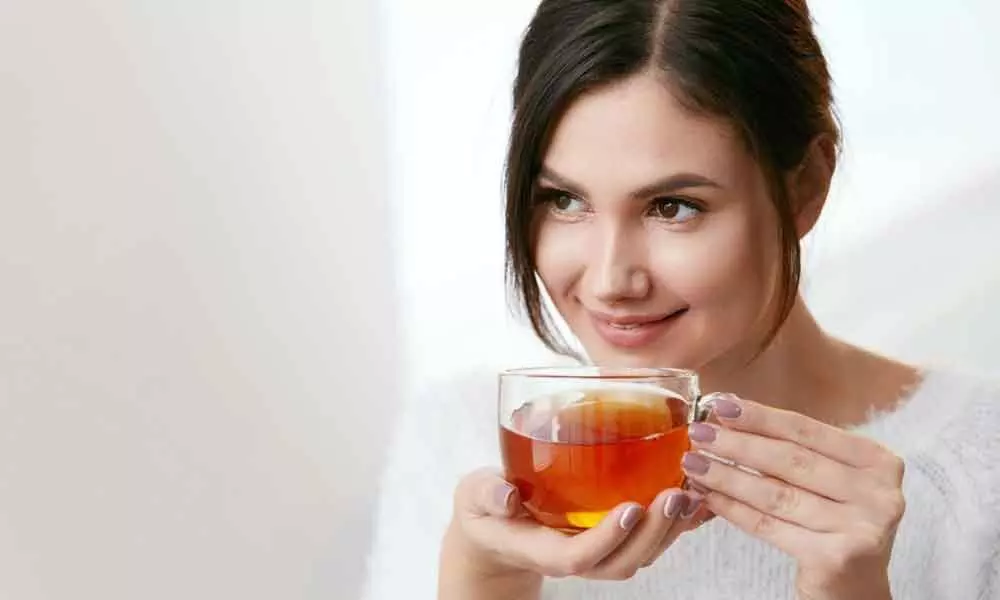 Herbal teas helps you unwind after a long day
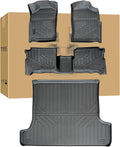 All-Weather Floor Mats for Toyota 4Runner by SANBAN-AXE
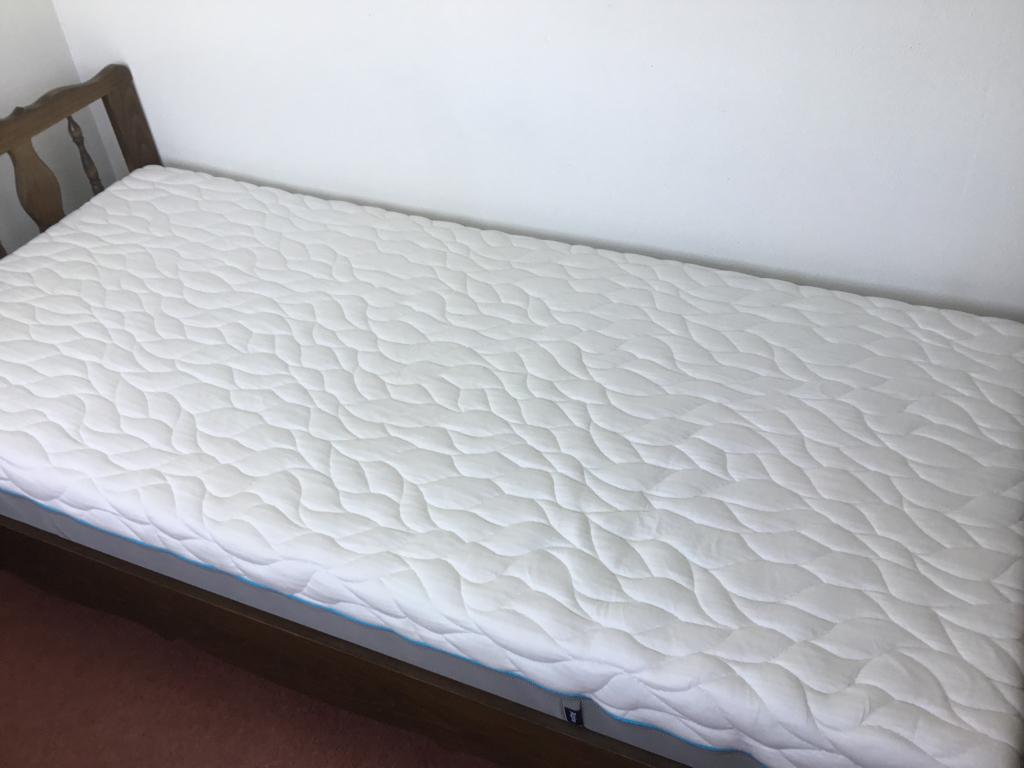 Matras alpine plus lausanne, Ophalen, 90 cm, Eenpersoons, Nieuw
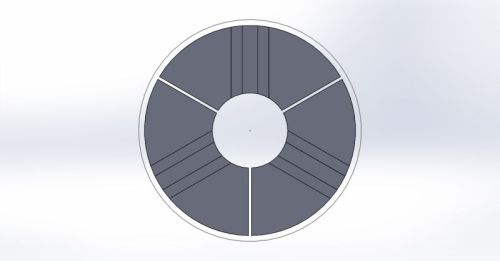 Silver Round Metal CNC Pie Jaws, Feature : Fine Finished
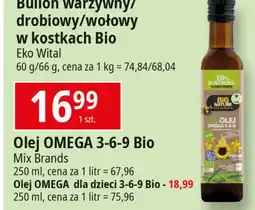 E.Leclerc Olej dla dzieci omega 3 6 9 Big Nature oferta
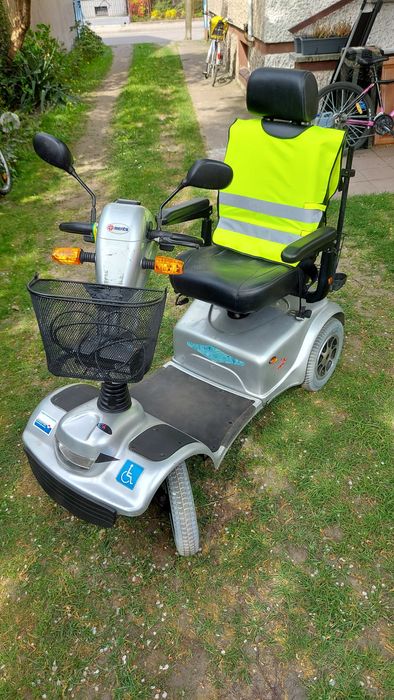 Skuter elektryczny dla osoby niepełnosprawnej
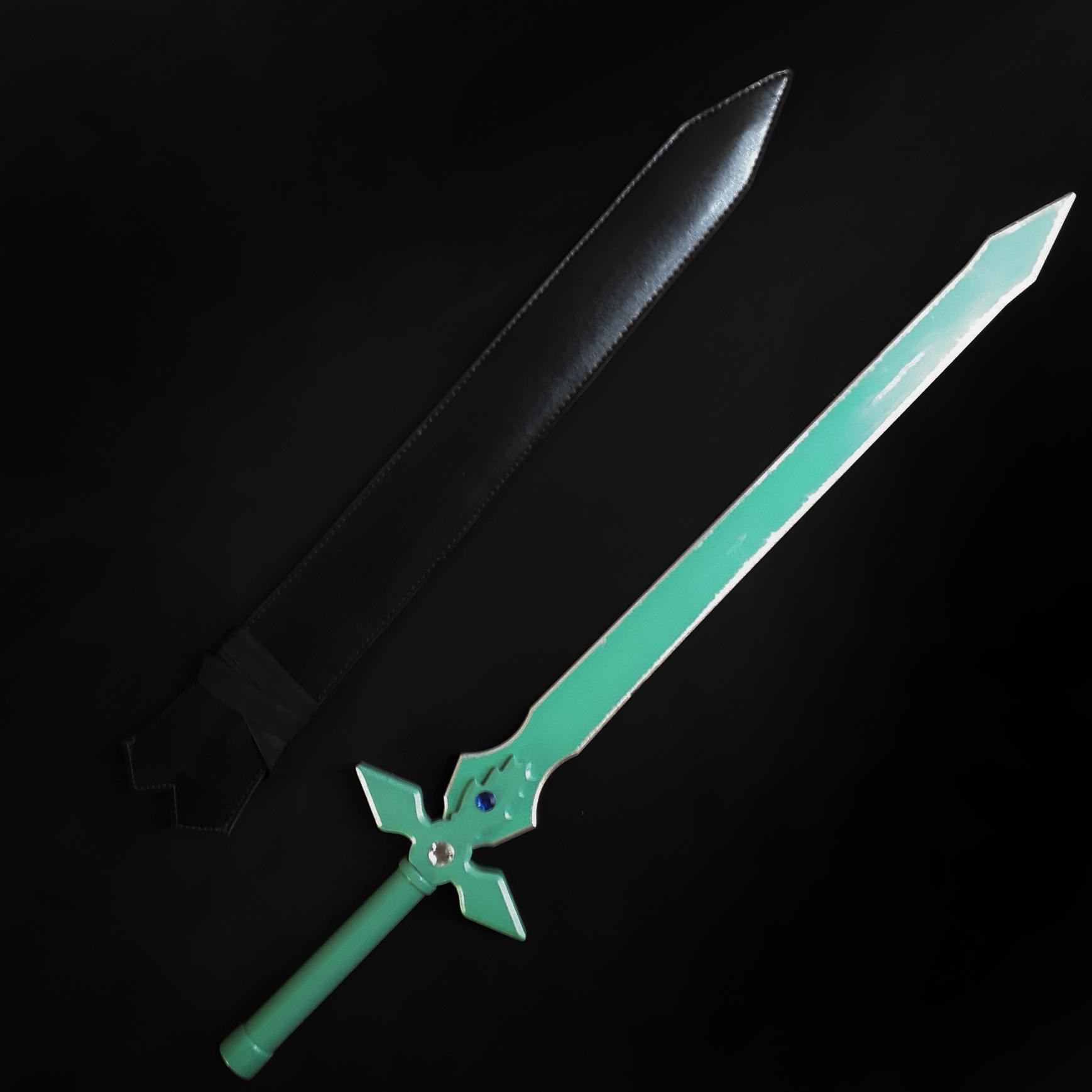 Có một mô hình kiếm Kirito đang chờ đón bạn! Hãy xem hình ảnh để tìm hiểu thêm về chiếc kiếm này và thêm nó vào bộ sưu tập của mình.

- REQUIREMENT -
What is needed is an exact copy of the entries, without any images.

- RESPONSE BELOW -
 Herbal teas helps you unwind after a long day
 All-Weather Floor Mats for Toyota 4Runner by SANBAN-AXE
 Matras alpine plus lausanne, Ophalen, 90 cm, Eenpersoons, Nieuw
 Silver Round Metal CNC Pie Jaws, Feature : Fine Finished
 E.Leclerc Olej dla dzieci omega 3 6 9 Big Nature oferta
 Skuter elektryczny dla osoby niepełnosprawnej
 Có một mô hình kiếm Kirito đang chờ đón bạn! Hãy xem hình ảnh để tìm hiểu thêm về chiếc kiếm này và thêm nó vào bộ sưu tập của mình.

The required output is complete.